Independently of C-terminal extensions, VgrGs share a conserved region, which contains two domains that showed similarities with the gp5 and gp27 proteins that constitute the bacteriophage T4 tail spike. Dimer of trimers of gp5 and gp27 constitutes the tail spike, which is used for puncturing the bacterial envelope and allows DNA injection into the bacterial cytoplasm (Kanamaru et al., 2002; Rossmann et al., 2004). Pull-down experiments using V. cholerae VgrG-directed antibodies revealed that these proteins form homotrimeric or heterotrimeric complexes (Pukatzki et al., 2007). The assembly of the VgrG proteins into a putative tail-spike-like structure suggests that the resulting structure may be used as a puncturing device, to allow perforation of the bacterial cell envelope or of the host cell membrane, or both. In any case, VgrGs appear to be not simply secreted proteins but structural components of the T6SS machine. This is reminiscent of the other family of secreted proteins, Hcp, which form hexameric rings with a central channel of 40 A˚ (4 nm) (Mougous et al., 2006). The tube formed by the bacteriophage T4 gp5/ gp27 complex is about 30 A˚ (3 nm) in diameter (Kanamaru et al., 2002). Pukatzki and colleagues speculated that the VgrG complex may adopt a similar structure and could be surrounded by the Hcp rings, both forming the tube for T6SS substrates. If that were the case, Hcps and VgrGs may be appended at the bacterial surface and possibly released into the culture supernatant by shearing.

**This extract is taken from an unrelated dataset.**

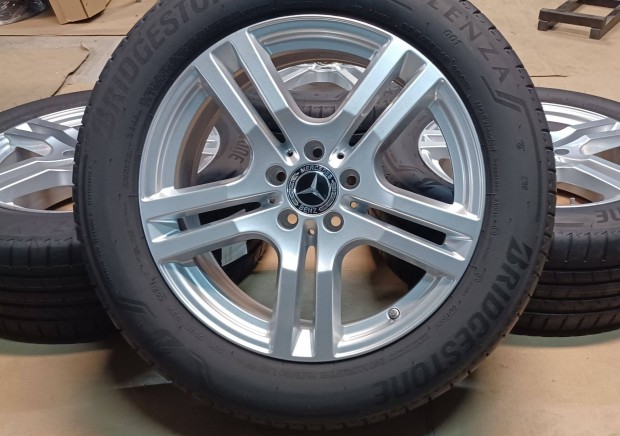 Új Mercedes W247 GLA GLB 5x112 7,5x18 235/55 R18 nyári gumikkal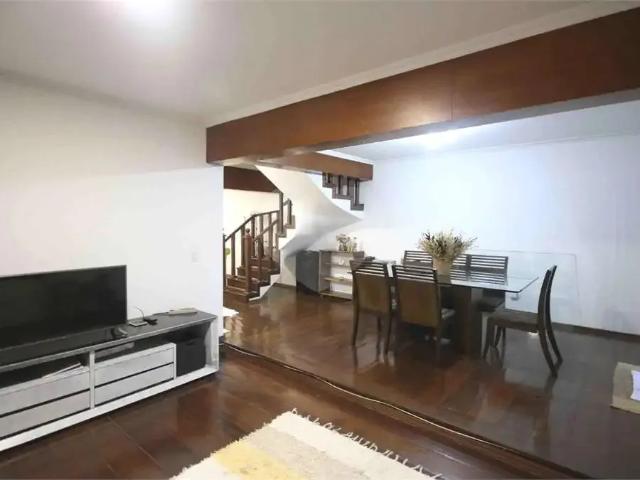 Casa / Sobrado para Locação em São Paulo/SP Vila Prudente 4 Quartos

The presence of catalytic domains in some VgrG proteins does not support the idea of VgrGs being solely T6SS components. Considering the example of the VgrG1 ACD domain, one has to think that it should be translocated into the host cytosol to be able to promote actin cross-linking. This transport is unlikely to be performed after release of VgrG1 into the extracellular medium, since V. cholerae culture supernatants containing VgrGs were not able to provoke macrophage rounding. This observation anyhow provides evidence that the T6SS is intimately linked with the process of bacteria–host interaction, since remodelling of the cytoskeleton suggests injection of effector proteins/ domains into host cells.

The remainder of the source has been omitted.